Pour se mettre les idées au clair, et comme le brouillard lumineux lui abimait les yeux, le vieux pêcheur dormit un peu. À son réveil, Vacarme jura qu’il avait dormi vraiment longtemps, et qu’il fallait s’étonner de la présence continue de la brume.
— Animaux et humains ont des notions du temps différentes, avisa Silence.
Dhai tira son sac de sous le petit abri du radeau, l’ouvrit et, plongea sa main noueuse jusqu’au fond, libéra sa fiole d’eau de vie, pour les urgences. Il fallait au moins ça. Comme c’était lui que le village envoyait chercher les égarés, qui viendrait le chercher, lui, hein ?
Alors, le pêcheur voulut se concentrer sur son travail, et demanda aux cormorans de pêcher. Silence s’exécuta, mais Vacarme se plaignit.
— Il ne fait pas plus clair sous l’eau que dessus, argua-t-il.
— Un pêcheur s’occupe à pêcher, intervint Silence.

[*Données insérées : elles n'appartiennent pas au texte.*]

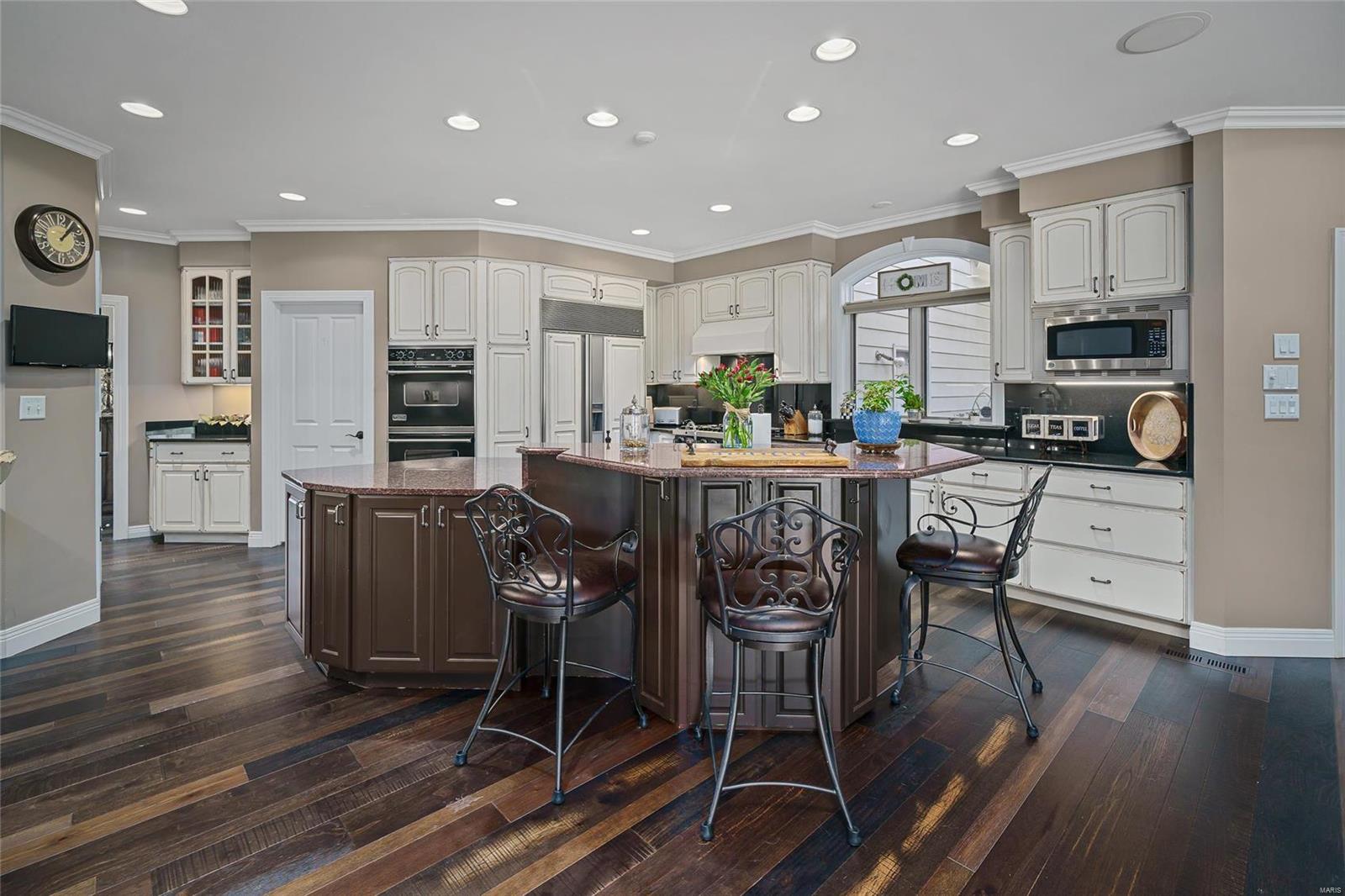 Greystone Six - Residential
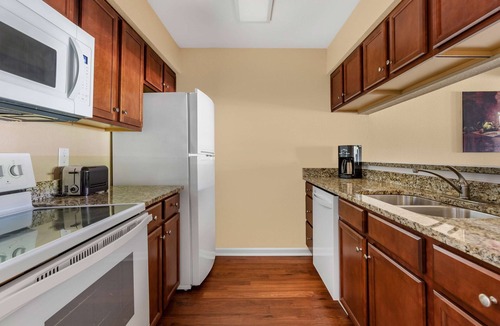 Berkeley Hotel | Perfect for Families! Full Kitchen, Free Parking, Indoor & Outdoor Pools!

Vacarme lui lança un regard noir depuis l’autre côté de la barque qui n’était plus qu’une ombre silencieuse dans le silence. Même le lac semblait prendre garde à ne pas clapoter contre son bois raide.
— Je peux raconter des histoires, nous ne nous ennuierons pas.
— Dhai ne te nourris pas pour ça.
— Il ne me nourrit pas non plus pour le regarder se soûler à l’eau de vie.
Silence se tut. Vacarme se râcla la gorge.
— Il était une fois…
C'est un beau début je trouve. tu rend parfaitement compte de l'atmosphère paisible, tout en mettant en avant l'anormalité du brouillard persistant.
J'ai eu un peu de mal à identifier Vacarme et Silence comme des cormorans. Si je n'avais pas lu le résumé avant je ne l'aurais pas forcément deviné. Une petite description des oiseaux serait peut-être bienvenue. :)
Comme moi, tu utilises beaucoup les verbes faibles (avait, était). Si tu décides de faire une réécriture après ton challenge, il faudra sûrement que veille à donner plus de relief.
En tout cas, j'aime beaucoup, je trouve que c'est un bon projet pour un inktober. En plus, écrire des contes, c'est super agréable et très utile pour se faire la main. Si tu vas jusqu'au bout, tu devrais obtenir un beau recueil de conte. :)
Je ne sais pas si j'aurais un beau recueil de contes, dans la mesure où je ne pense pas qu'une seule personne puisse écrire un vrai beau conte. Ils viennent de récits racontés par des centaines de milliers de personnes à travers les siècles, c'est ça qui leur donne toute leur force, du coup je ne pense pas qu'une seule personne soit capable d'écrire un vrai beau conte qui ait autant de force.